Barcelona -y cuando digo Barcelona hablo también de su cinturón industrial, de Benidorm, de Palma- se había convertido en la patria de promisión y aquel año, último de tres de catastróficas cosechas, en la gota que colmó el vaso y empujó a miles de paisanos a tomar la decisión más dura que se puede tomar: Abandonar el lugar en el que has nacido y te has criado. Fueron duros, muy duros aquellos años para quienes se vieron forzados a huir, jornadas de catorce horas, ausencia de vacaciones, infraviviendas en los cinturones industriales, pero por fin habían dejado de depender del señorito, del cacique de turno, dueño de sus vidas, su trabajo y su dignidad. Fue duro, muy duro, la gran burguesía catalana ha sido, y es, una de las más crueles de España, no obstante financió y apoyó con toda su alma el golpe de Estado y la posterior dictadura franquista, empero, Barcelona era la tierra de la huelga de La Canadiense, aquella que gracias a la heroicidad y la tenacidad de los trabajadores catalanes logró que se impusiera en todo el Estado la jornada de ocho horas. Pasó el tiempo, llegó la democracia, y la mayoría prosperó hasta el punto de poder comprar casa, coche y tener unos ahorros para el añorado momento del regreso. Muchos volvieron cuando peinaron abundantes canas, la mayoría sólo en vacaciones para ver cómo eran sus raíces e intentar que sus hijos y nietos también supieran de ellas.

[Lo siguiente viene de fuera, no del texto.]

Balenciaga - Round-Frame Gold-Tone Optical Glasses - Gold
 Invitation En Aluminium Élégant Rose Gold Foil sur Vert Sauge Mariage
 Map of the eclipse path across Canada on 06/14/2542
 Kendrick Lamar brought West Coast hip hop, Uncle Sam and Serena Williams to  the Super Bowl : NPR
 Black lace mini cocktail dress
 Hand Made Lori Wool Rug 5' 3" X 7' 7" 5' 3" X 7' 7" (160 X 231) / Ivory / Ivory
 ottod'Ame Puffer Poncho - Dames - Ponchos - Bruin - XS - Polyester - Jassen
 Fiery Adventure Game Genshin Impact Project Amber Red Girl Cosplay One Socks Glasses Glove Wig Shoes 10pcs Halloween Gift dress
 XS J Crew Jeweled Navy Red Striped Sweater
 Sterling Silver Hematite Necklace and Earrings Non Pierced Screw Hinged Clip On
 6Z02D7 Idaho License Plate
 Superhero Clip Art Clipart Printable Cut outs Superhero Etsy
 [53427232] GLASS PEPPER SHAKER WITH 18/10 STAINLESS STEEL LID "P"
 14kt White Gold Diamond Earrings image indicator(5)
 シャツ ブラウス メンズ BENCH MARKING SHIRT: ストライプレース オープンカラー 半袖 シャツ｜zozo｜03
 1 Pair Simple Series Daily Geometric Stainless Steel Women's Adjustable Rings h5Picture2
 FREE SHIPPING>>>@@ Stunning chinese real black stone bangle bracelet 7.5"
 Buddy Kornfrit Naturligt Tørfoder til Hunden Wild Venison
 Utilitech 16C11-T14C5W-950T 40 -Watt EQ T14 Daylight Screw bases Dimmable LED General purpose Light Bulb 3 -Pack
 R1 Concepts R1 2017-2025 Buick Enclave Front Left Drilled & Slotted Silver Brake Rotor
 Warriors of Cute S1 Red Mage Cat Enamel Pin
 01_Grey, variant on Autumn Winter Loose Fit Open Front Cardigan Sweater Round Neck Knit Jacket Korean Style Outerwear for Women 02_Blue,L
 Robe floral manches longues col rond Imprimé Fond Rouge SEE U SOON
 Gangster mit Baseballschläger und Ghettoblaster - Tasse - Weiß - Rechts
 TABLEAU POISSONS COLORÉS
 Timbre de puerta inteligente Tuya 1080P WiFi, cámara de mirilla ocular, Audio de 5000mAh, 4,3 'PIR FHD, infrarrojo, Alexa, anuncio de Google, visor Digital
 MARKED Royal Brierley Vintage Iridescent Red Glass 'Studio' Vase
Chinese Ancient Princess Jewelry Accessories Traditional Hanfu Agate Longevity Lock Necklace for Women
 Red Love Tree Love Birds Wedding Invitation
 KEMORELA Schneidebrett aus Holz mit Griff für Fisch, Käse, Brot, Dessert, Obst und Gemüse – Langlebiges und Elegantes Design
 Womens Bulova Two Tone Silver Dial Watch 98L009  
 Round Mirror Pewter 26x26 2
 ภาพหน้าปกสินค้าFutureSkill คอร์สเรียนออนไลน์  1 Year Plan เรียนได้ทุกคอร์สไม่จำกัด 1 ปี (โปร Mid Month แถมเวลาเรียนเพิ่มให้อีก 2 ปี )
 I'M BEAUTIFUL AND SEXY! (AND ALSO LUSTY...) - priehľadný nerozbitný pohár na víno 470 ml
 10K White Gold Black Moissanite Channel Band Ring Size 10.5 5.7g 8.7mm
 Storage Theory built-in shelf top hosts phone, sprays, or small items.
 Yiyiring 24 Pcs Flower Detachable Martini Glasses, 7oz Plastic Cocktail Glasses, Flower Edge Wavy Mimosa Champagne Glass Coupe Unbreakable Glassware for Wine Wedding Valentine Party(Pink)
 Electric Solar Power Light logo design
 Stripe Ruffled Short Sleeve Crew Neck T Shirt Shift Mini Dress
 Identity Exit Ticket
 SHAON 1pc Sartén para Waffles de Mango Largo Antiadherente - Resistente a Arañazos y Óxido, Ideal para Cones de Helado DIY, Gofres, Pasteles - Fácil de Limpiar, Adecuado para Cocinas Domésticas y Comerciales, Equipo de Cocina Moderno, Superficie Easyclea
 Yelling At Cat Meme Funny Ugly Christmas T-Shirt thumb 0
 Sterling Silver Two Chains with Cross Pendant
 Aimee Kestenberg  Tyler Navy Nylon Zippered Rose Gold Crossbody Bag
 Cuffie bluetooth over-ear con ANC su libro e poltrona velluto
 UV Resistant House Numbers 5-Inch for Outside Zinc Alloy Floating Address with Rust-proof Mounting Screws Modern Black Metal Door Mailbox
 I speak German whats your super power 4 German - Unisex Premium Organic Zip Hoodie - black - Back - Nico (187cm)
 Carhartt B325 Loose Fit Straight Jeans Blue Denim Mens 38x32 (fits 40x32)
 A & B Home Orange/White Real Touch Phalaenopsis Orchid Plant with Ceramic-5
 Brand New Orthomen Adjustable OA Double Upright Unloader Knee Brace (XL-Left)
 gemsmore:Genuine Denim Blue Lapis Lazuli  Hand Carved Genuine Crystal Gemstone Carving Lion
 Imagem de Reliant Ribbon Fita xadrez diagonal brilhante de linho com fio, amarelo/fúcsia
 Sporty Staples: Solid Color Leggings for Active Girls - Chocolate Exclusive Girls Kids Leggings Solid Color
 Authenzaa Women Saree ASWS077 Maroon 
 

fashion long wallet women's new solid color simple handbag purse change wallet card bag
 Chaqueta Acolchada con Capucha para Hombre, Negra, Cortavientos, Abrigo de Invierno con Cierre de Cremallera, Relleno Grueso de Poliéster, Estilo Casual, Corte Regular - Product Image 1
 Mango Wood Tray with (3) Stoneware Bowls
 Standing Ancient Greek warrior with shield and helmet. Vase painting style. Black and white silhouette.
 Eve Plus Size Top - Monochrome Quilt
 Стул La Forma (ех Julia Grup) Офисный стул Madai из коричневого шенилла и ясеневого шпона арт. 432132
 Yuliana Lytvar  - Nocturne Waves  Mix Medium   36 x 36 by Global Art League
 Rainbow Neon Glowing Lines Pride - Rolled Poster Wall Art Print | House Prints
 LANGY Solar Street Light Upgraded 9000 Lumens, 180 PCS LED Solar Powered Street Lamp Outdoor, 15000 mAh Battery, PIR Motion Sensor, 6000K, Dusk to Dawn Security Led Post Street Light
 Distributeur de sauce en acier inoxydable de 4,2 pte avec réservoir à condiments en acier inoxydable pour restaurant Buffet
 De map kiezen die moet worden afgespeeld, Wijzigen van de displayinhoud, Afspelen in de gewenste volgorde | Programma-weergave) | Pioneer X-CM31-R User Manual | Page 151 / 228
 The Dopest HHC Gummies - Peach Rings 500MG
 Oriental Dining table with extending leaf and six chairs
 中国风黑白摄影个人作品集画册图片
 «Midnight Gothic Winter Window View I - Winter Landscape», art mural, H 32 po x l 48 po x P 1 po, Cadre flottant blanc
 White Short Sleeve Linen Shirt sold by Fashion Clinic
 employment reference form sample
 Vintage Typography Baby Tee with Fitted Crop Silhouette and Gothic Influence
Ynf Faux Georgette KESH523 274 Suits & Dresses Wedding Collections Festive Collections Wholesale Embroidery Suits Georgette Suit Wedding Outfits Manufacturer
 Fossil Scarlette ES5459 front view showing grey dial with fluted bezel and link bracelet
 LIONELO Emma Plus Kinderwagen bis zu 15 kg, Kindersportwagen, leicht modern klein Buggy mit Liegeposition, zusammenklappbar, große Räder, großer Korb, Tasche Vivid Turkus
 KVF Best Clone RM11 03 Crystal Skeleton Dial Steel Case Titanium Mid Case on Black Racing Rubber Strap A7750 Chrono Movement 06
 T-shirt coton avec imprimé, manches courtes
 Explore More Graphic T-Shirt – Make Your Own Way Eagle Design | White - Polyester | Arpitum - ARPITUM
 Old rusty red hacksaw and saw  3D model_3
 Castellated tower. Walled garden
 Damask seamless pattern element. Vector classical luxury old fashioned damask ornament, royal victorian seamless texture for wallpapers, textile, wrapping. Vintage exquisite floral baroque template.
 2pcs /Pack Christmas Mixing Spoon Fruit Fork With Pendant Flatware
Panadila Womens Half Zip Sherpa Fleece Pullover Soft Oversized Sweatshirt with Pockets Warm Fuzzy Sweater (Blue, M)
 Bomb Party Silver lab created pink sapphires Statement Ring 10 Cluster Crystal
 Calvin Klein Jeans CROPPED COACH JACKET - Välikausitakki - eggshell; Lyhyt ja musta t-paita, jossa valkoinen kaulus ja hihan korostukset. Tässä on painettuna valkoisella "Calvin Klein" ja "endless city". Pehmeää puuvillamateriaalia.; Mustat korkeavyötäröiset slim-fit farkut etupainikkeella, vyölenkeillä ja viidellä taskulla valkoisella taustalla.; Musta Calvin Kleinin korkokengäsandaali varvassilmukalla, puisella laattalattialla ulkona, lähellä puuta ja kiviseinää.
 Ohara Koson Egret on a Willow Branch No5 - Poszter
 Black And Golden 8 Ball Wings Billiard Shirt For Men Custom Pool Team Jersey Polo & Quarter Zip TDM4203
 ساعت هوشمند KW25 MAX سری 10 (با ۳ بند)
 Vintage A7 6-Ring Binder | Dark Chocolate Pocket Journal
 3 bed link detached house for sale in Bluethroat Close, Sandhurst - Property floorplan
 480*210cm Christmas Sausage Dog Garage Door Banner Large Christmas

Entre tanto, mi padre, lector empedernido bueno y sabio, devoraba libros prohibidos que le proporcionaba un viejo librero de Murcia a través de una clandestina librería de Barcelona. ¡Maravillosos libros de Losada!! ¡¡Necesarios libros de Bruguera y Seix Barral!! Y supe quién era Salvador Espriu, y quién Carles Riba, y Joan Maragall, y Joan Brossa, y Gil de Biedma, y Juan Eduardo Cirlot y Joan Margarit, pero también quién Pablo Neruda, García Márquez, Juan Rulfo, César Vallejo, Fonollosa, los hermanos Goytisolo, Vázquez Montalbán, Eduardo Mendoza y Juan Marsé. Por ellos después, antes de la muerte del tirano, llegué a la nova cançò y las bellísimas canciones de Lluis Llach se convirtieron en mi verdadero himno nacional. Emigración y cultura se aunaron para que Catalunya, desde antes de los quince años, figurase en mi educación sentimental como una tierra a la que quise y quiero tanto como a la que me vio nacer. No ocultaré que no quiero a mi tierra porque en ella viese la luz por primera vez, sino porque es la de mis ancestros y es hermosa, tampoco que el nacionalismo, cualquier nacionalismo, cualquier bandera, cualquier patriotismo me crea urticaria y náusea, pero sé lo que debo y a Catalunya le debo tanto como la amo en el sentido más estricto de la palabra. Son mentira todas las amenazas que la derecha troglodita lanza sobre una futura Catalunya independiente: Catalunya estará en la Unión Europea y en todos los organismos internacionales, tendrá euro y compartirá con todos la desdicha de pertenecer a esos organismos, tener esa moneda y someterse a los dicterios del FMI. Probablemente, pese a eso, sea un Estado próspero y desigual como lo son casi todos los que hoy conocemos, pero eso son futuribles que no estoy en condiciones de afirmar ni negar, lo que sí puedo decir con toda la rotundidad de mi sentir y mi pensar, es que sin Catalunya todos los sueños se habrán roto, que muchísimos quedaremos huérfanos porque el motor que nos puede llevar a todos hacia el progreso, la justicia y la libertad sigue residiendo en Catalunya. Por eso, si algún día, los catalanes deciden que Catalunya sea un Estado independiente, quien esto escribe sentirá un dolor insuperable que sólo se mitigará el día en que -liberados todos del yugo cazurro-franquista- decidan que volvamos a caminar juntos. Amo a Catalunya, sin más.